TASK OBJECTIVE:
Keep the pictures out while you transcribe the listing below exactly.

GIVEN INFORMATION:
══════════════════════════════

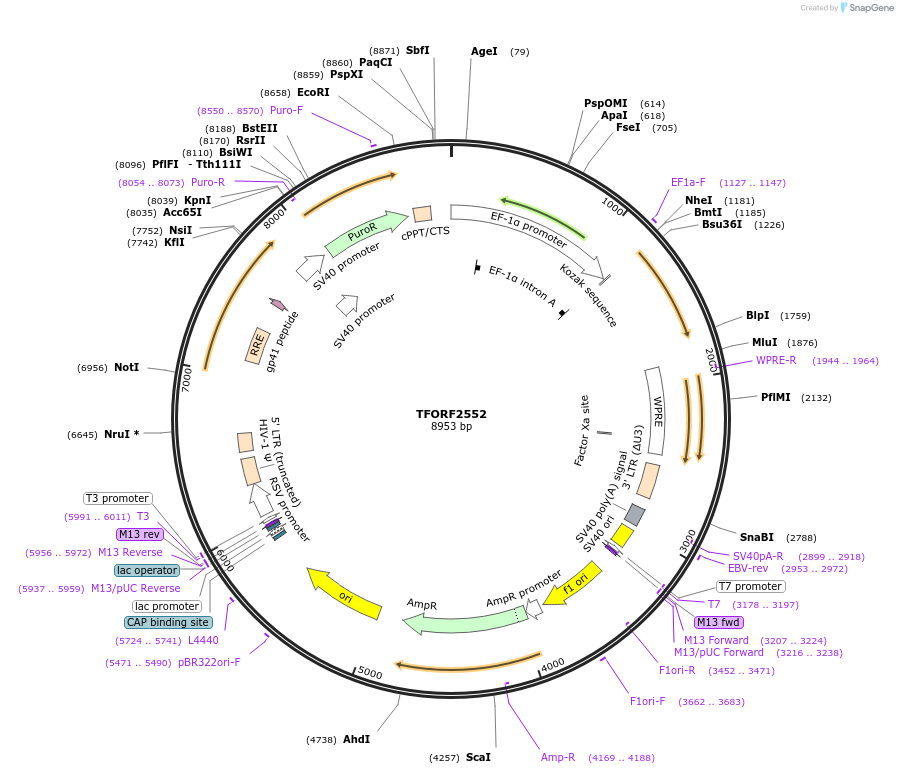 142405-plasmid-map-sequence-id-392711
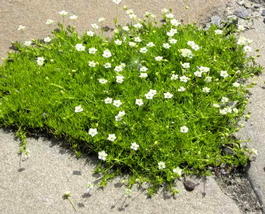 Мшанка шиловидная (Sagina subulata)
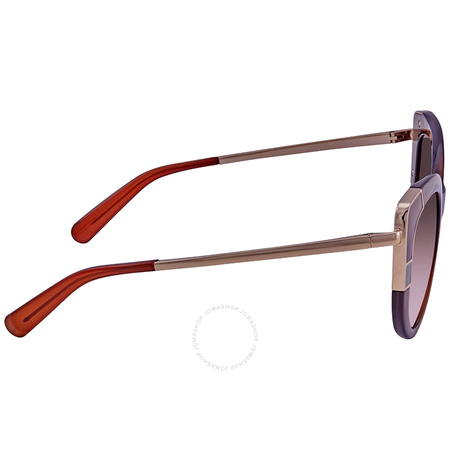 Ferragamo Brown Gradient Cat Eye Ladies Sunglasses SF890S 210 52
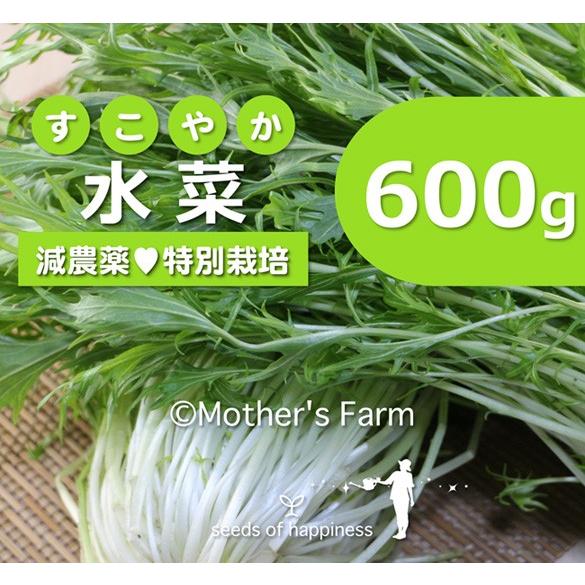 正規品質保証 水菜 農薬90 カット 特別栽培 600g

══════════════════════════════

ANSWER SECTION:
 142405-plasmid-map-sequence-id-392711
 Мшанка шиловидная (Sagina subulata)
 Ferragamo Brown Gradient Cat Eye Ladies Sunglasses SF890S 210 52
 正規品質保証 水菜 農薬90 カット 特別栽培 600g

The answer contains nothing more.